» **Work to complete**: Copy, without a single change, each line from the one that holds "Man talks to" to the bottom of the entries below, and drop any pictures.

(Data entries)
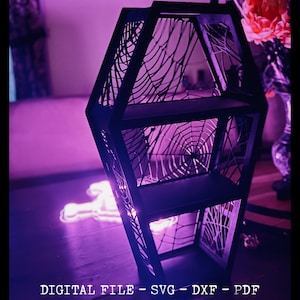 Puede incluir: Una estantería negra con forma de ataúd que presenta intrincados recortes de telaraña en los paneles laterales y dos estantes horizontales. El texto en la parte inferior dice DIGITAL FILE - SVG - DXF - PDF. Es un archivo digital.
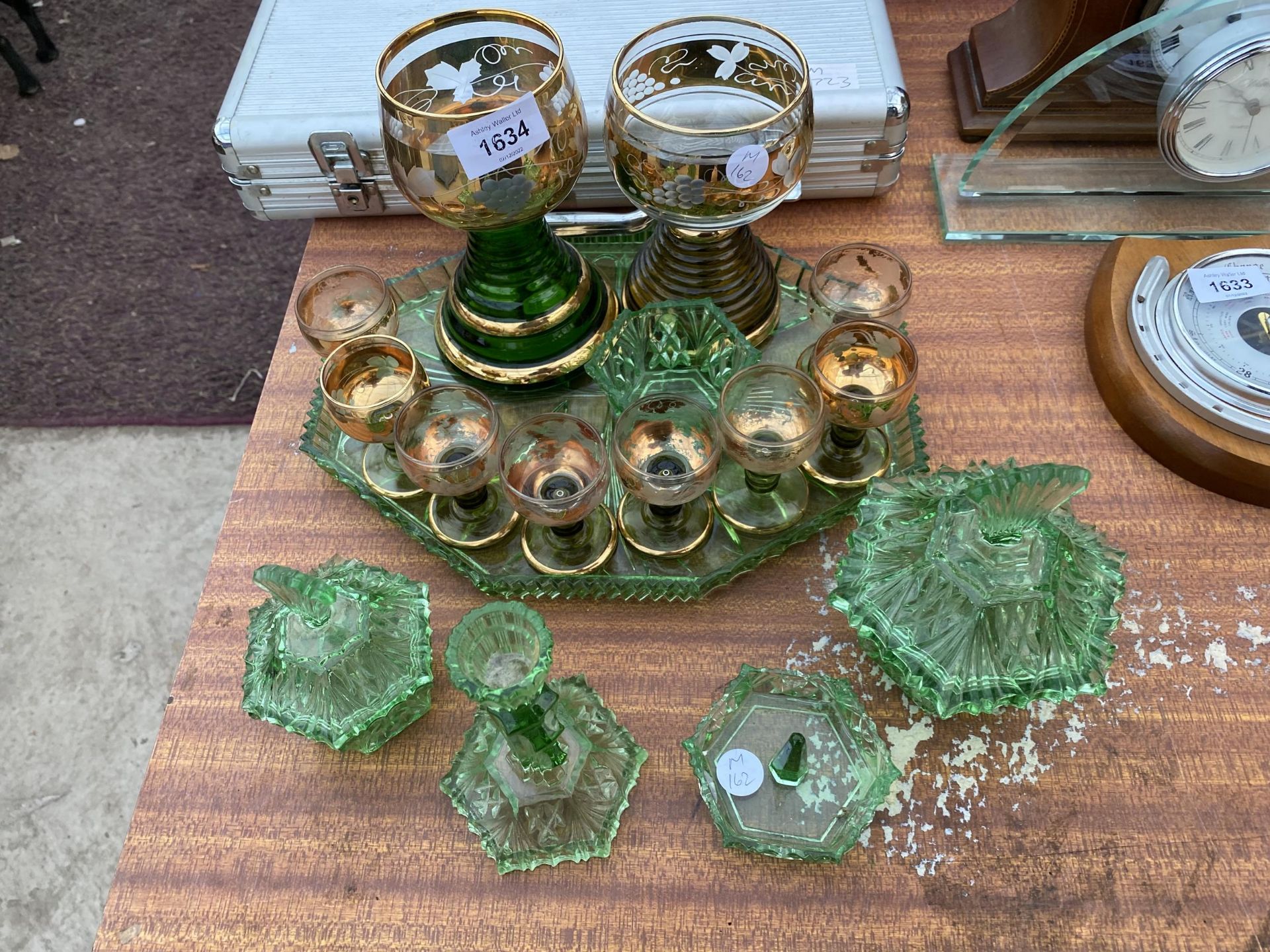 AN ASSORTMENT OF GREEN GLASS WARE TO INCLUDE SHERRY GLASSES AND A DRESSING TABLE SET ETC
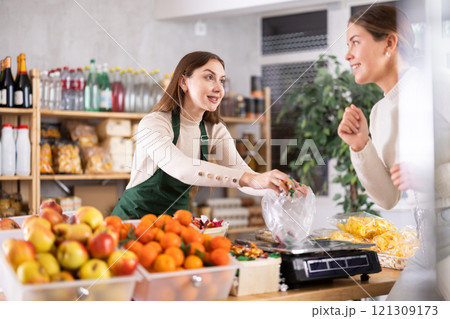 Female vendor weighs candies on scales and sells candies to customer Female vendor weighs candies on scales and sells candies to customer 121309173
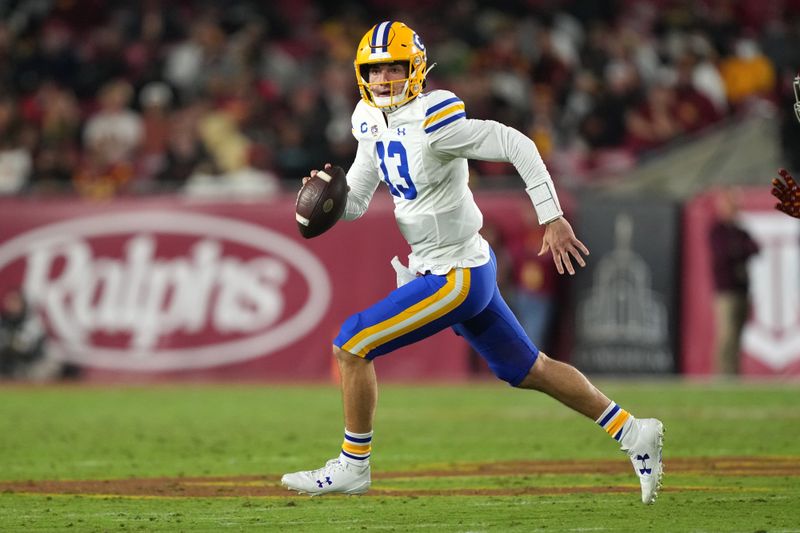 Nov 5, 2022; Los Angeles, California, USA; California Golden Bears quarterback Jack Plummer (13) carries the ball against the Southern California Trojans in the first half at United Airlines Field at Los Angeles Memorial Coliseum. Mandatory Credit: Kirby Lee-USA TODAY Sports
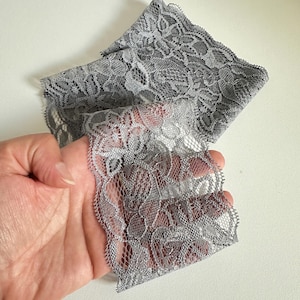 May include: A length of gray lace fabric with a delicate floral pattern. The lace is folded and held in a hand, showcasing its intricate design and texture. The fabric has a scalloped edge.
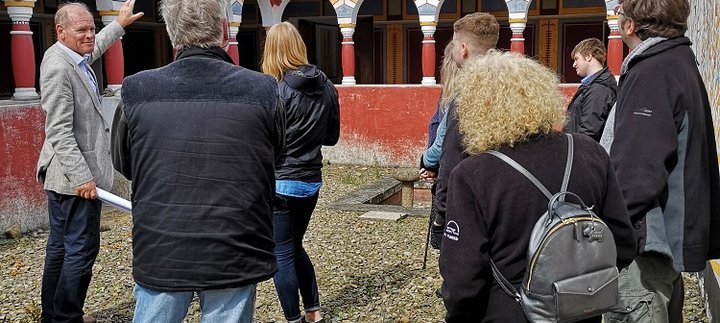 Man talks to group of people in the Roman reconstructions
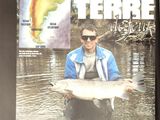 a man holding a large fish in a body of water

» **Task answer**:
 Man talks to group of people in the Roman reconstructions
 a man holding a large fish in a body of water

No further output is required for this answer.